Analysts at Morgan Stanley have said that in the long-term, Tesla Insurance may pose a threat to the ~$260 billion US auto insurance industry, following the company’s expansion of its new insurance product that uses real-time driving behaviour data.
The insurance offering was recently launched in Virginia, Colorado and Oregon.
It was also reported that the company plans on being a full-stack auto carrier within those three states.
In a recent report, analysts stated that Tesla insurance does not pose a threat to the US auto insurance industry in the near-term, but it quite possibly does in the long-term.
The analysts said that they believe successful long-term market penetration rests on pricing sophistication and distribution strategy.
Furthermore, they added that Tesla will no doubt have superior data on their own cars, but also addressed that the real-time feedback loop on driving behaviour, that the insurance offering contains, could result in safer driving, which could lead to lower premiums and a higher take-up rate.

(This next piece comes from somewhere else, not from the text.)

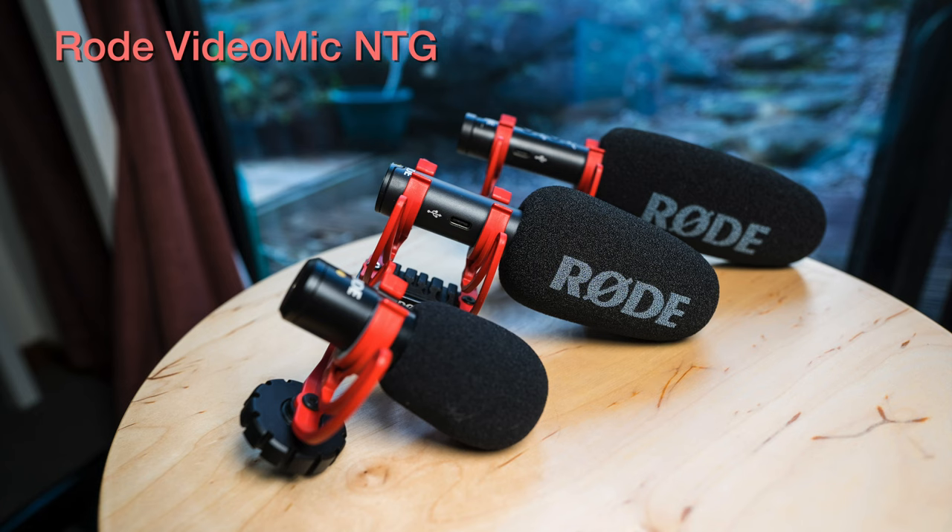This is the VideoMic NTG, and because of the gain setting this is one of the louder, more clear of the three. In my experience this one does sound the best and is probably the best all-around studio and on-camera microphone — it is the most professional of the three. But because of the battery, it is a little annoying to charge all the time; even when I've left it unplugged for a few weeks I've had to charge it before using it, which has interrupted my workflow. But if that isn't a problem for you, this is the best-sounding microphone out of the three in my opinion.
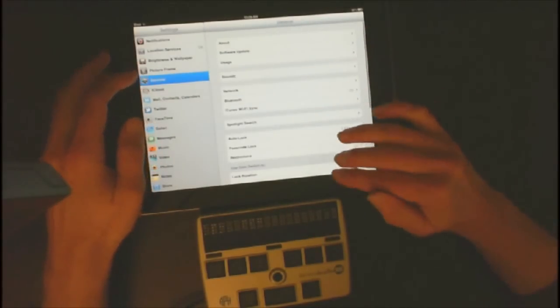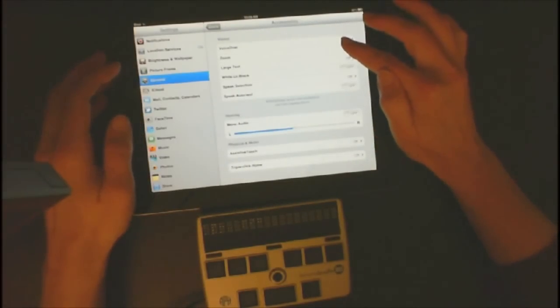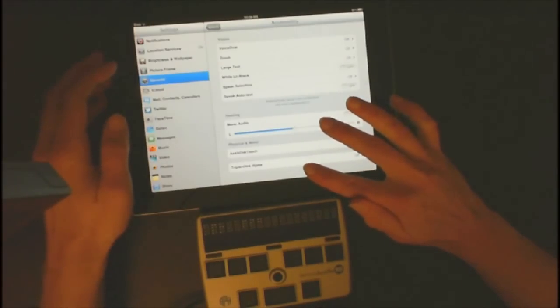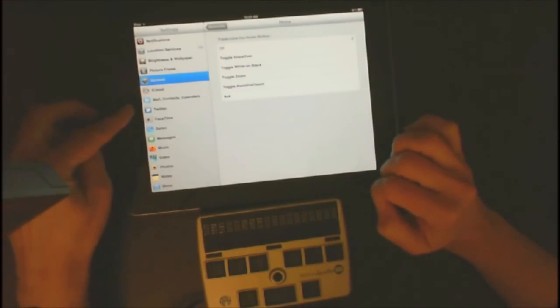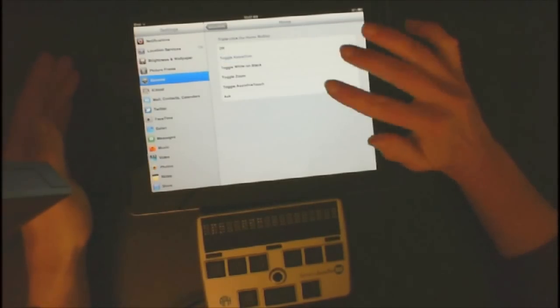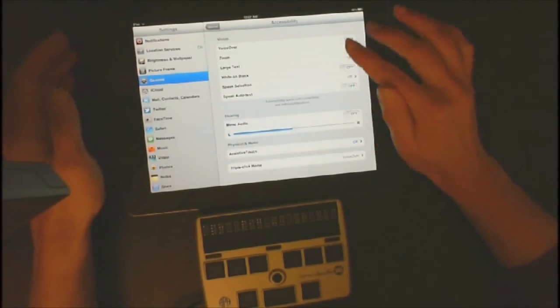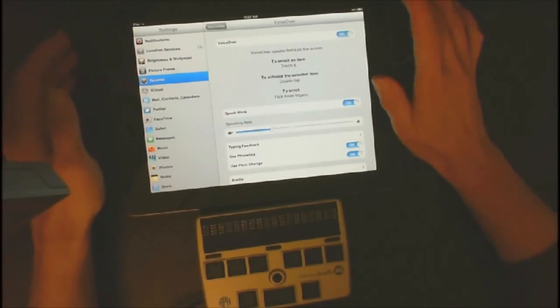I want to go ahead and go back to General and go down to Accessibility. I'm going to open Accessibility. Before I turn on VoiceOver, I'm going to go all the way down to the bottom of the screen and turn on Triple Click Home. Triple Click Home allows you to hit your Home button three times and toggle VoiceOver on, or hit it three times and toggle VoiceOver off. I'm going to go ahead and go back to Accessibility, and now I'm going to turn on VoiceOver, which is at the top of the screen.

“We will monitor TSLA’s underwriting results closely as it gains more traction”, the analysts said.
In addition, the report highlighted how direct-to-consumer (DTC) distribution has become a proven strategy in taking market share, and going forward analysts expect DTC coupled with embedded insurance to become the “new wave” of personal insurance distribution.
Meanwhile, analysts said that Tesla as a top 10 auto insurance carrier is not a “wild expectation”, adding that insurance premium forecasts for Tesla yield ~$9.6b by 2031, assuming fairly conservative take-up rates by Tesla car owners.
The analysts said: “Assuming the industry continues to grow by ~3% annually, this would yield a market share of 2.8%, cracking the top-10 in US P&C market share.”